Steve was examined by a few different people and had bloods and blood pressure checked. Everything looked fine, so we were both anxious when we were told he'd be staying in hospital overnight.

On Tuesday 26th July, following a flexi-sigmoidoscopy (long flexible tube with a camera on the end to look inside the bowel), Steve was allowed home. We were told "a number of polyps" had been found and would be sent off for biopsy and that we'd have the results in about 2 weeks. A week later, Steve got a call to say his results were in and he had an appointment on Friday 6th July to discuss them.
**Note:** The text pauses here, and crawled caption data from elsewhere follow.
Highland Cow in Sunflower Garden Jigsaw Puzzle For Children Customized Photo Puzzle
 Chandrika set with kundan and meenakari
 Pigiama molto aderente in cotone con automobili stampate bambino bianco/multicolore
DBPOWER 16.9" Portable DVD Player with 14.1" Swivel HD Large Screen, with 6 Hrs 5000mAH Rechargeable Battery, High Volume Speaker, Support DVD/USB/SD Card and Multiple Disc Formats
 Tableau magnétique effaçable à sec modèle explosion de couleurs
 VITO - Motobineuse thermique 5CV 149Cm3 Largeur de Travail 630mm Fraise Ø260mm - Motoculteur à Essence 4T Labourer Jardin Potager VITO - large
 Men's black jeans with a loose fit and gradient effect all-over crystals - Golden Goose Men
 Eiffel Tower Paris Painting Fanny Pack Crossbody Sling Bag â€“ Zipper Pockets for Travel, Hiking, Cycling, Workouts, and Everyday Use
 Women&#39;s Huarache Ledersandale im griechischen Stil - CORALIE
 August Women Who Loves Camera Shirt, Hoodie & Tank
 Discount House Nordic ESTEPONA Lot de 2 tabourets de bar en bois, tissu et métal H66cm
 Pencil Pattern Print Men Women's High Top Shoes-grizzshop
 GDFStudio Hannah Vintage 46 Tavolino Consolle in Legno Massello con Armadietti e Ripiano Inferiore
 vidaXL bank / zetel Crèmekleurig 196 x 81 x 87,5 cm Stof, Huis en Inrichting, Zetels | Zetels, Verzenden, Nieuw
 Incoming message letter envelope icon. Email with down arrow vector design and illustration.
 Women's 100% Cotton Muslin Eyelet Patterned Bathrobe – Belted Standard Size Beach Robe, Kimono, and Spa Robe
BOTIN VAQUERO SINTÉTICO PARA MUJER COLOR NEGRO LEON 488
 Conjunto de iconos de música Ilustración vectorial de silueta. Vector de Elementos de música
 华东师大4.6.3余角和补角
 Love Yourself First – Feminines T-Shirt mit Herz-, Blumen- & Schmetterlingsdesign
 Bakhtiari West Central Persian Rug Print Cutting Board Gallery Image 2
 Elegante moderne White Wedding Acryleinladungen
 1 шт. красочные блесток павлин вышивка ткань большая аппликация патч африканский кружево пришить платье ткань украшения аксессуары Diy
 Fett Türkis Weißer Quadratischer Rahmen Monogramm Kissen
This is when he was diagnosed.

Steve had never even considered that he could have cancer - he said that not ONCE did the possibility cross his mind. He thought his diagnosis was "a number of polyps" and that this was the reason for his bleed.

Having dealt with my mother's cancer for 8 years and therefore recognising a lot of the medical terms used by doctors when they were referring to Steve, I had suspected from quite an early stage that this bleed was a sign of something a lot more sinister than we'd previously thought.

I hadn't been allowed the time off work to go with Steve for his results, so his parents went with him. Steve's dad had suffered from pancreatic cancer a few years previously and both parents also had their doubts about the diagnosis, although they never told him that.

Steve and I work for the same company, and he was due to come back into work around 4pm, after collecting his results. 4pm came and went... I was clock-watching and looking at the door, waiting for him to walk through it and tell me everything was fine, although deep down I knew that this was not going to happen. After what seemed like hours, I saw the Mike, the company director (and a very good friend of ours) come into the office and have a hushed conversation with one of the managers - I remember clearly thinking "They're going to tell me that I need to go home now, because Steve has cancer." I went light-headed and woozy, I saw my manager's face appear in front of me and I heard "Gina, Steve is at home, you need to go. Mike is going to take you."

I was silent for the 5 minute car journey home because I was trying to prepare myself for what I knew I was about to hear. I walked into the lounge and my heart broke. My 6ft 2 boyfriend looked at me with terrified Bambi eyes and said "I've got bowel cancer." He fell into my arms and all I could manage was "I know, but it's going to be okay."